BUDAPEST, March 11 (Xinhua) -- Three-time Olympic champion kayaker Natasa Douchev-Janics has announced that she will continue her sports career in Hungary after all, rescinding her decision to compete for her native Serbia.
Douchev-Janics, who had been living in and competing for Hungary since 1999 and is a dual Hungarian-Serbian citizen, moved to Serbia last autumn with her husband, Bulgarian kayaker Andrian Douchev, who contracted to coach a Serbian team.
Douchev-Janics's announcement followed a lengthy dispute with the Hungarian Kayak-Canoe Federation, which refused to release her to Serbia unless the latter paid 150,000 euros to the Hungarian one. The Serbians declined to pay, and Douchev-Janics would have had to wait two years before being allowed to compete for her home country.
In her announcement she said that she realized she could not separate the two aspects of her life, sports and family.

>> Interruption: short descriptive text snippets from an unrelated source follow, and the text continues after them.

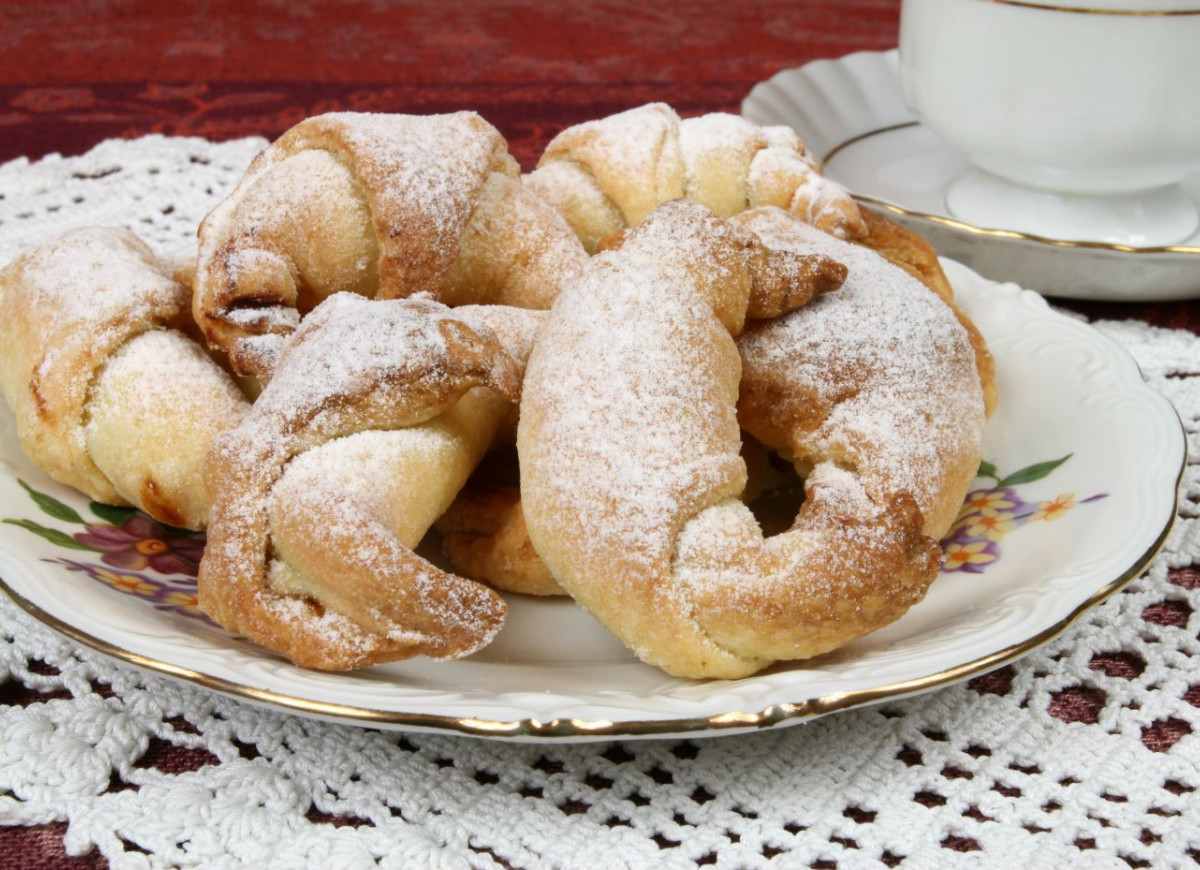 smażone rogaliki drożdżowe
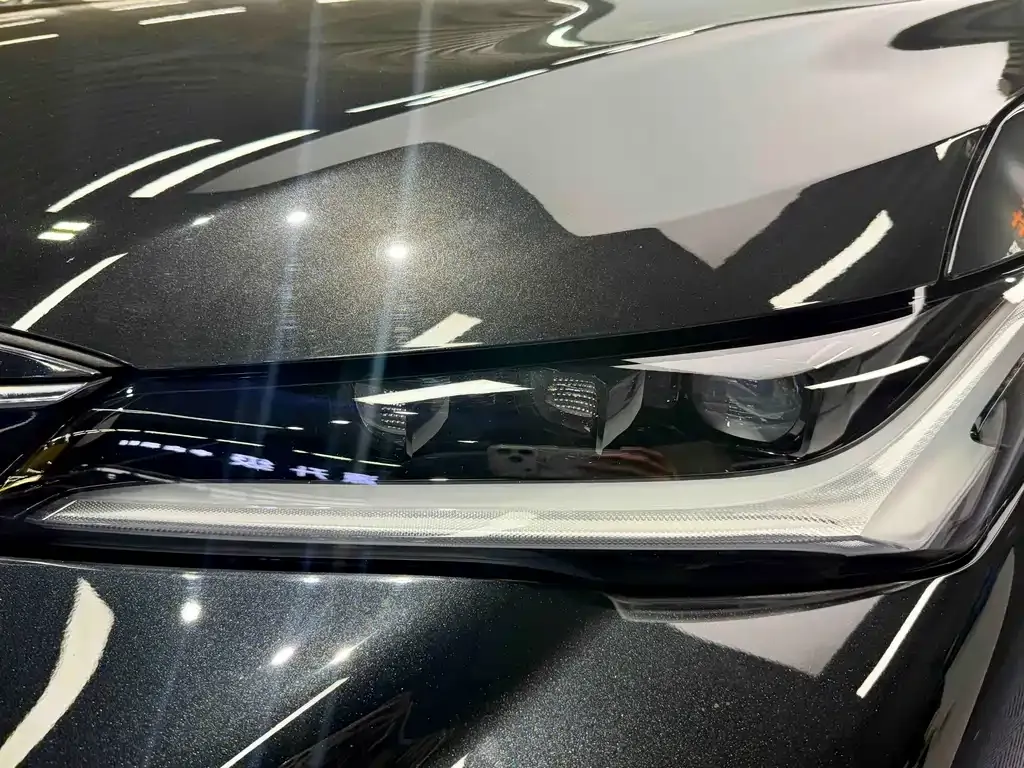 Toyota Avalon 2022 из CN, фото 8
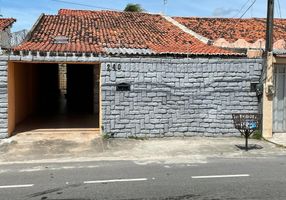 Foto 1 de Casa com 3 Quartos à venda, 171m² em Cidade dos Funcionários, Fortaleza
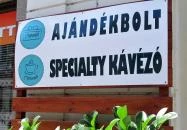 Manooka Kávézó Eger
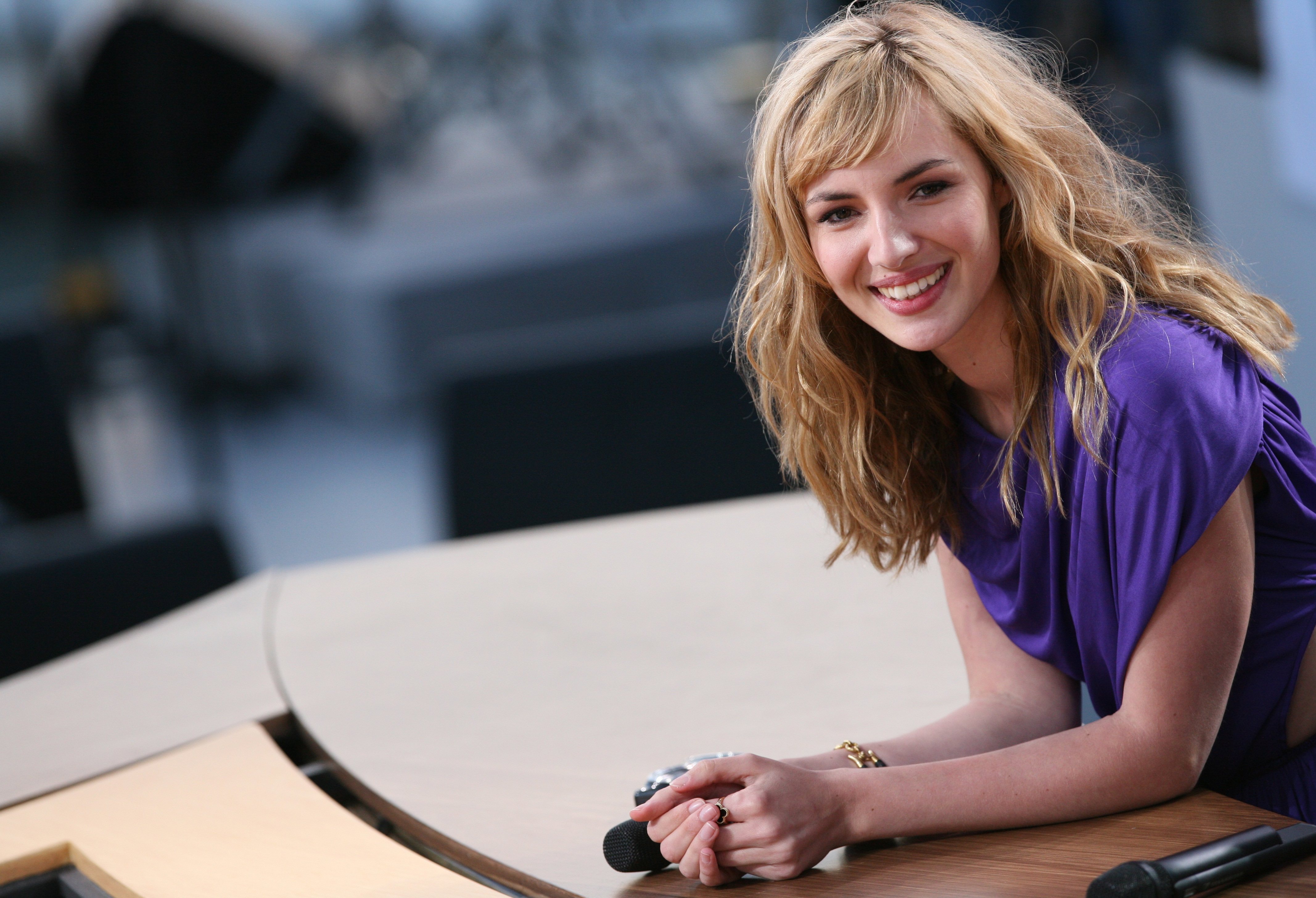 louise bourgoin
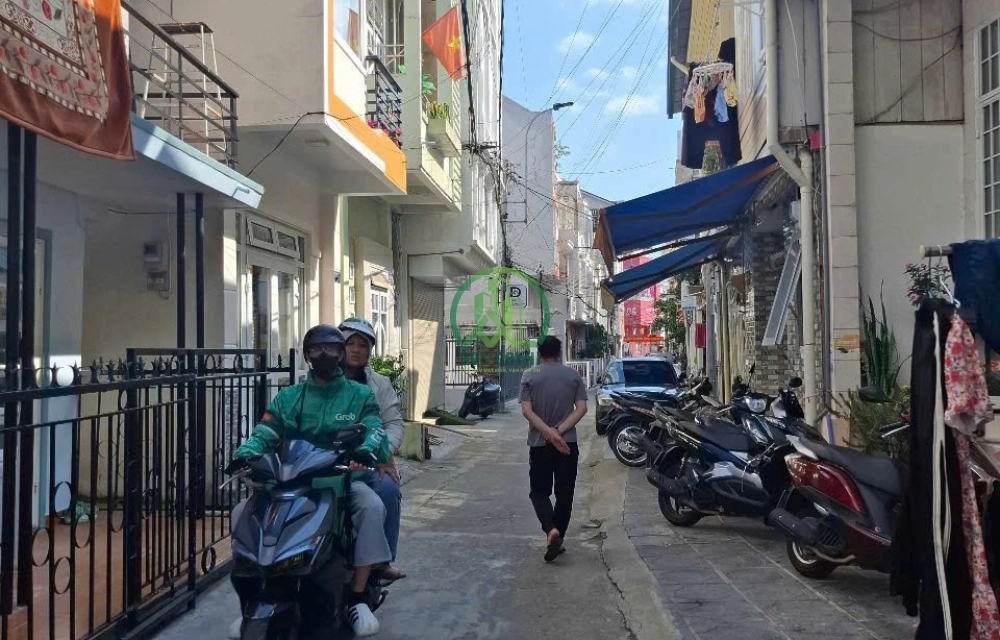 CẦN BÁN NHÀ HẺM Ô TÔ PHAN ĐÌNH PHÙNG-P2-ĐÀ LẠT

"I have to acknowledge that Hungarian kayak-canoe and particularly women's kayak is the strongest in the world," she said. Currently training in Portugal, she said that in order to properly prepare for competition she needed the Hungarian competition system to spur her on, and therefore had decided to continue competing for Hungary. She would withdraw her application to the International Canoe Federation to be allowed to compete for Serbia, the 30-year-old said.
Douchev-Janics won gold in the 2004 Olympics in Athens in K-1 and K-2 on 500 meters, and in K-2 on 500 meters in the 2008 Olympic Games in Beijing. In London, competing shortly after returning to the sport following the birth of her daughter, she won silver in K-2 on 500 meters and bronze in K-1 at 200 meters.